-- Your instructions --
In the entries below, find the line with "616 Hurst Dr, Bedford, TX 76022 - photo 6" and transcribe it and every line after it exactly, through the last line, without pictures.

(Records from a data source)

= Beginning of Section =

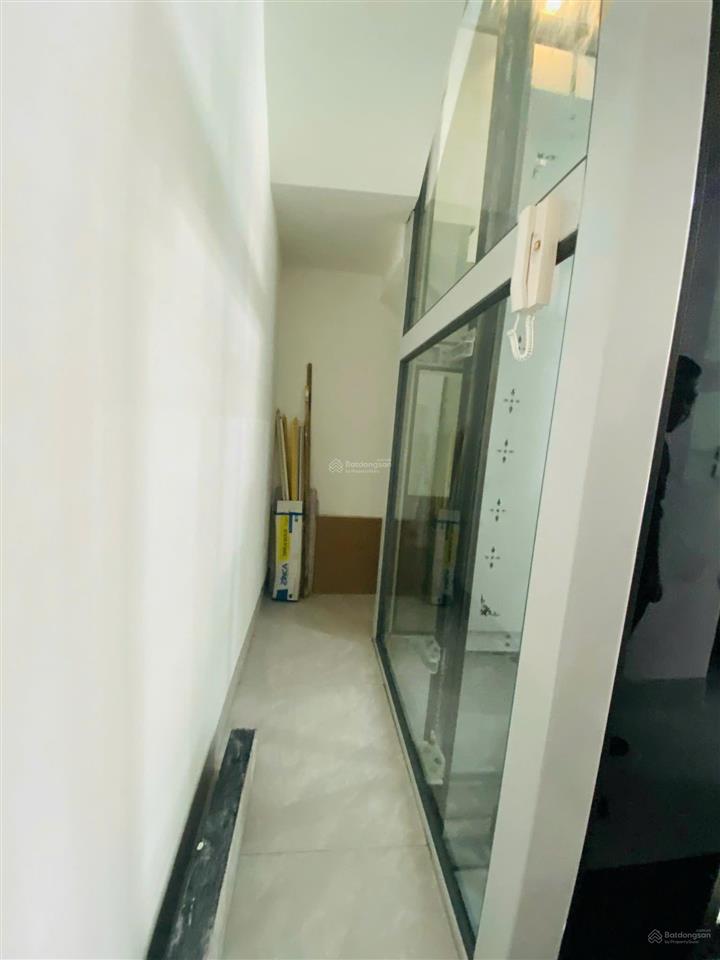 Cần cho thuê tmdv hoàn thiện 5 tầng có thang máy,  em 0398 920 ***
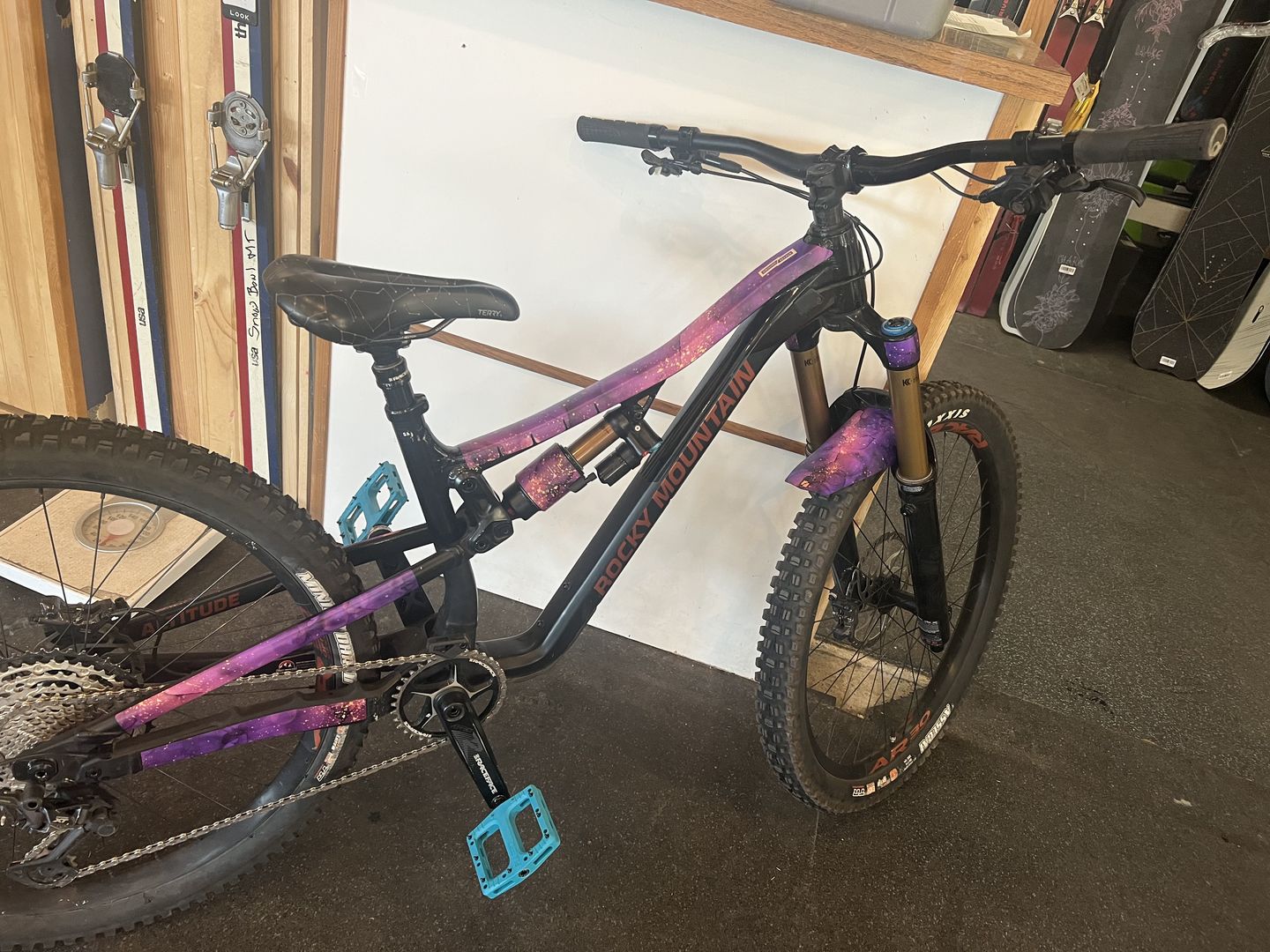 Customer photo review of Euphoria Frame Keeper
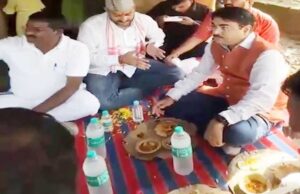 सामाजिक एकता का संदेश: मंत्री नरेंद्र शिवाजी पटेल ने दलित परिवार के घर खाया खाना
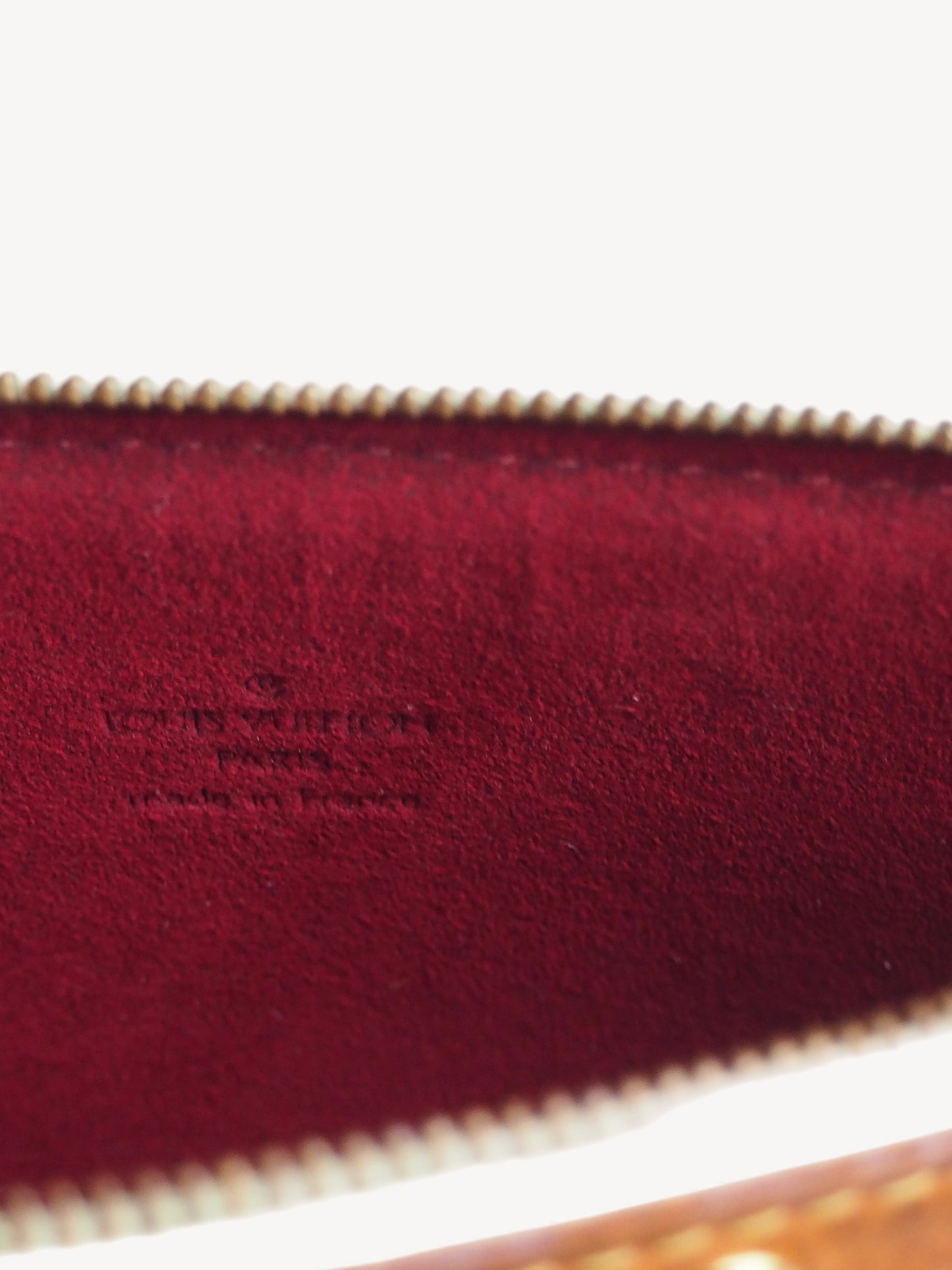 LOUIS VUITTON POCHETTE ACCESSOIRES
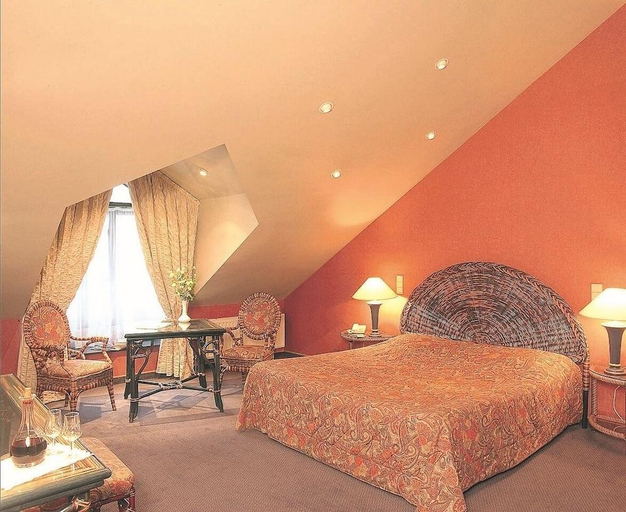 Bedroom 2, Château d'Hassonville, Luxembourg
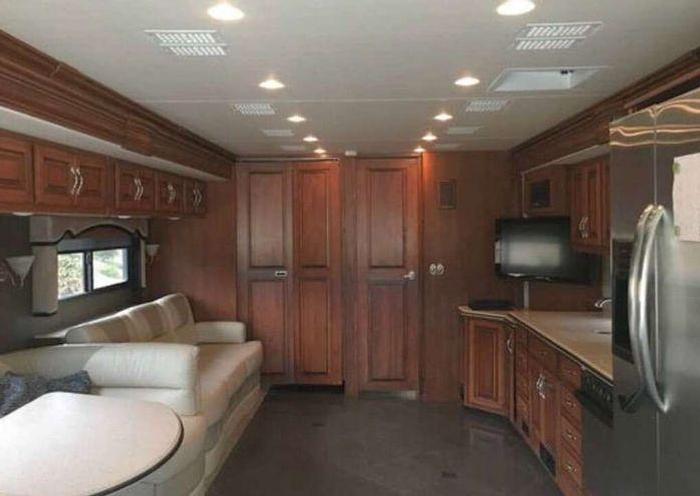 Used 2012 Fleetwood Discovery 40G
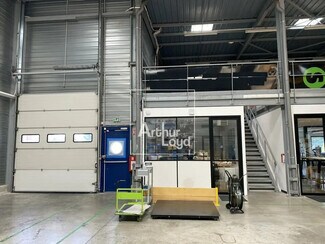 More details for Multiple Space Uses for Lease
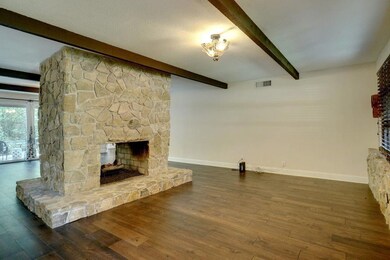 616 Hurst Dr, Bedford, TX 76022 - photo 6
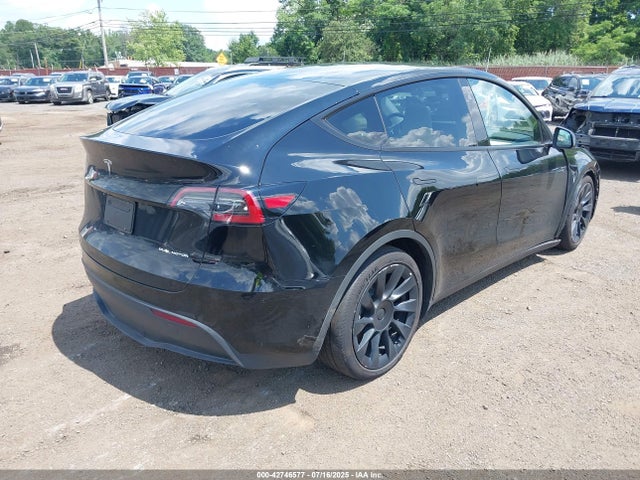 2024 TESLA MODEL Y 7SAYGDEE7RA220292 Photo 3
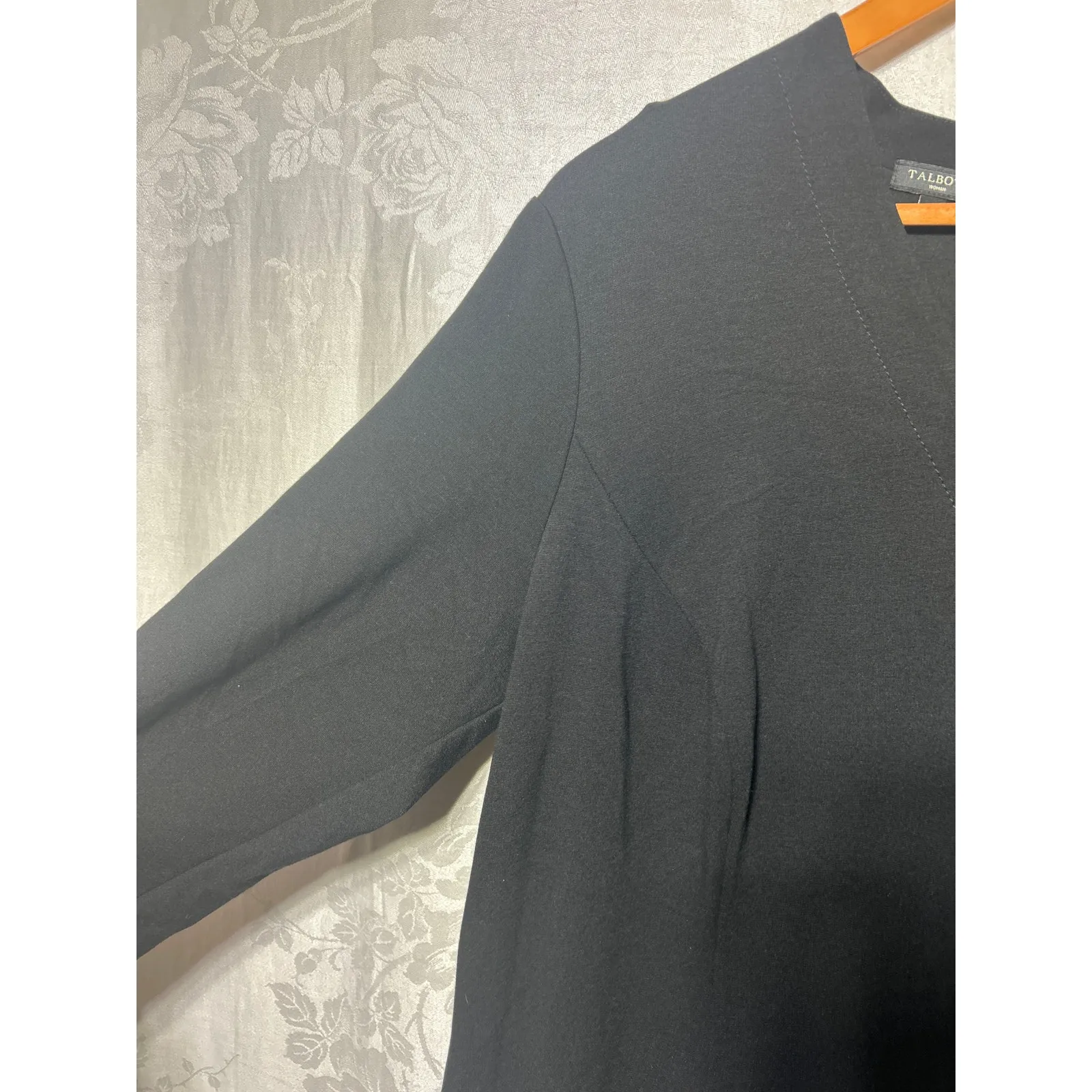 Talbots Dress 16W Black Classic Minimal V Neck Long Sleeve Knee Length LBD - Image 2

= End of Section =

-- Response to the task --
 616 Hurst Dr, Bedford, TX 76022 - photo 6
 2024 TESLA MODEL Y 7SAYGDEE7RA220292 Photo 3
 Talbots Dress 16W Black Classic Minimal V Neck Long Sleeve Knee Length LBD - Image 2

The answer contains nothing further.